--- Collected material ---
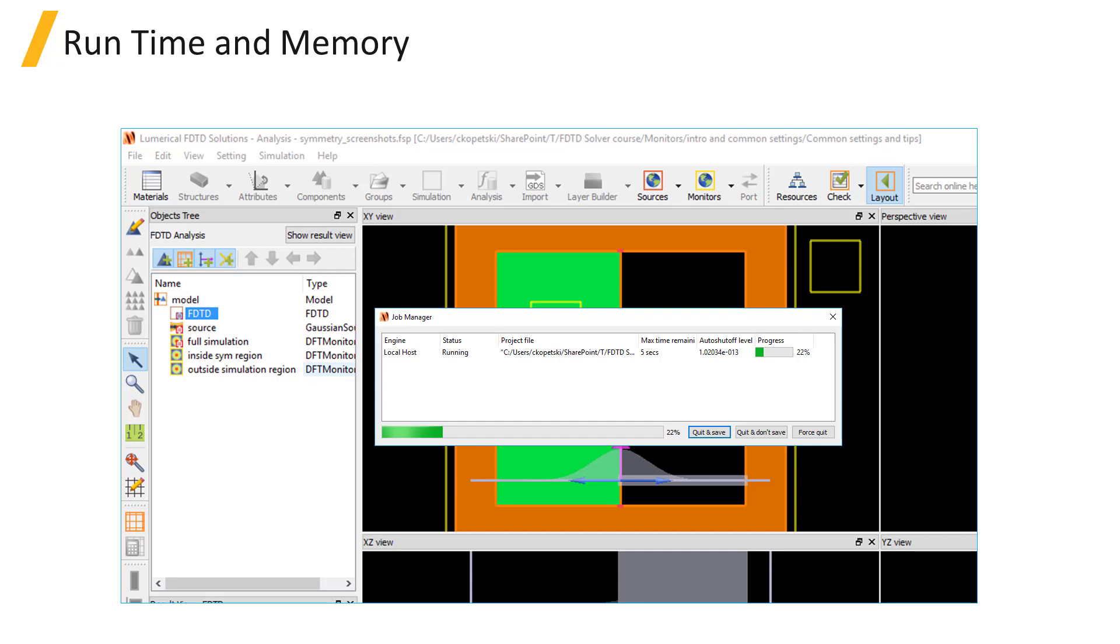Adding monitors to a simulation does not increase the time that it takes to run the simulation except when using a movie monitor, since the movie monitor will save data and generate the movie file as the simulation is running.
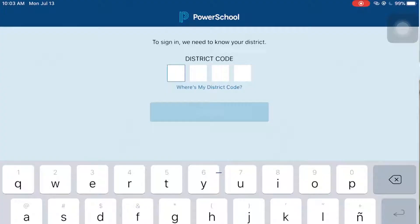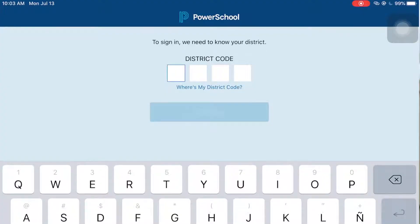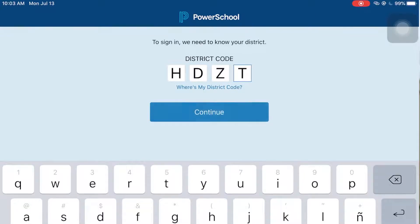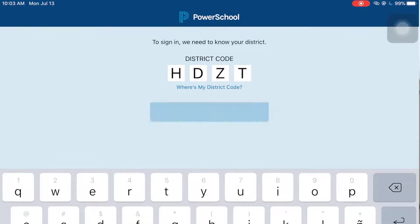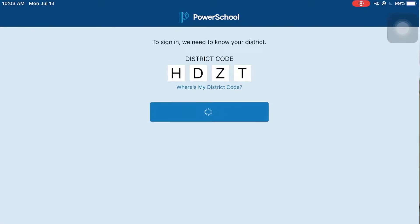First, log in with the district code. Archbishop Rudin's district code is HDZT. Once you have entered that in, click continue.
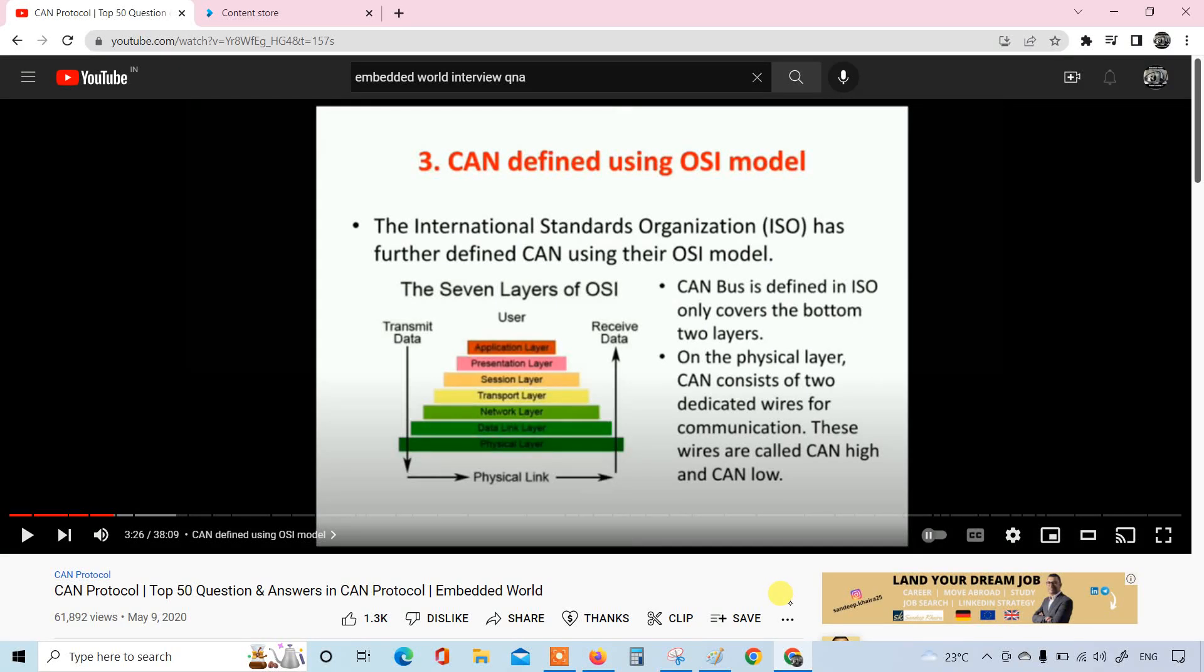This is the third question in this set of videos on CAN protocol. Can protocol defined using OSI model? Yes, we have the dedicated OSI model layers that we are following in CAN protocol. So the question is how the CAN protocol and OSI model relates or what are the layers that CAN protocol takes place in OSI model.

--- Requirement ---
Transcribe all the material exactly; skip every image.

--- Task answer ---
Adding monitors to a simulation does not increase the time that it takes to run the simulation except when using a movie monitor, since the movie monitor will save data and generate the movie file as the simulation is running.
First, log in with the district code. Archbishop Rudin's district code is HDZT. Once you have entered that in, click continue.
This is the third question in this set of videos on CAN protocol. Can protocol defined using OSI model? Yes, we have the dedicated OSI model layers that we are following in CAN protocol. So the question is how the CAN protocol and OSI model relates or what are the layers that CAN protocol takes place in OSI model.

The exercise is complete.